The NIS-3 report, however, did not take into consideration the
great differences in family composition across the three income
groups it evaluated. At that time, major differences in the
incidence of marriage within these same income groups did exist.
When data from the second criterion are superimposed on the first,
a disturbing picture emerges.
Chart 5 illustrates the
relationship for physical abuse; a similar relationship holds for
the other types of abuse as well.
The British Data
The study conducted by the family education Trust in Great
Britain meticulously explored the relationship between particular
types of family structure and abuse, accumulating clear data on
family configuration in actual cases of abuse from 1982 to 1988.

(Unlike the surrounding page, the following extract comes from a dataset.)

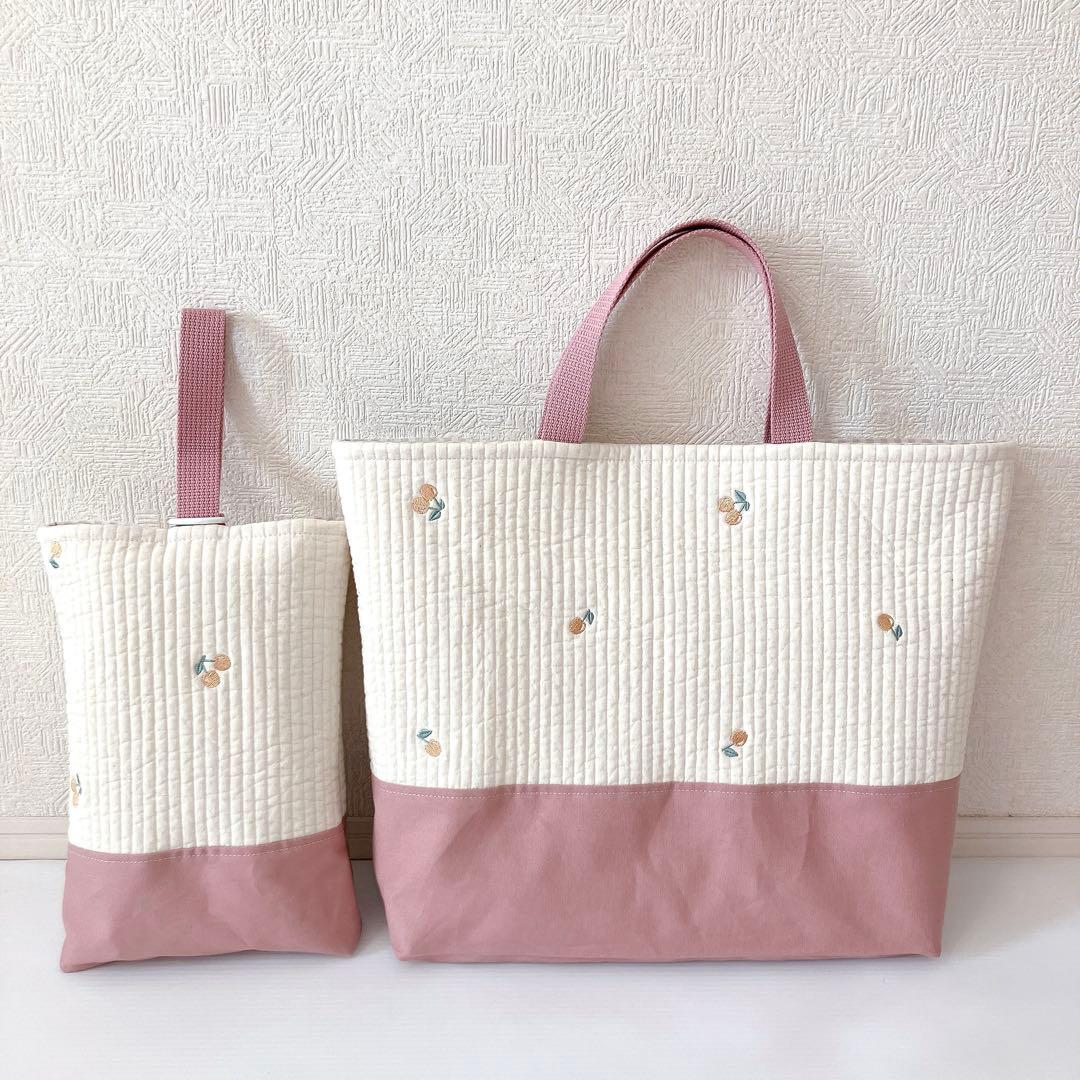 レッスンバッグ 上履き入れ　体操服袋✖️2 ヌビ　さくらんぼ刺繍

The results of this study shed light on a pattern that is highly
correlated with child abuse today in both England and the United
States: the absence of marriage and the presence of
cohabitation.
The evidence from Great Britain is especially significant
because, to date, this is the only study to explore the
relationship between family structure and abuse. Specifically:
- The safest environment for a child--that is, the family
environment with the lowest risk ratio for physical abuse--is one
in which the biological parents are married and the family has
always been intact.
- The rate of abuse is six times higher in the
second-safest environment: the blended family in which the divorced
mother has remarried.
- The rate of abuse is 14 times higher if the child is
living with a biological mother who lives alone.
- The rate of abuse is 20 times higher if the child is
living with a biological father who lives alone.
- The rate of abuse is 20 times higher if the child is
living with biological parents who are not married but are
cohabiting.
- The rate of abuse is 33 times higher if the child is
living with a mother who is cohabiting with another man.
According to the British data, similar risks apply in cases of
fatal child abuse. The overwhelming number of child deaths occurred
in households in which the child's biological mother was cohabiting
with someone who was unrelated to the child.
Cohabitation increases the risk of child abuse immensely,
whether the biological parents are cohabiting or the mother is
cohabiting with a boyfriend. Both conditions rank very high on the
risk scale, but the environment in which a child lives with the
mother's cohabiting boyfriend is by far the worst.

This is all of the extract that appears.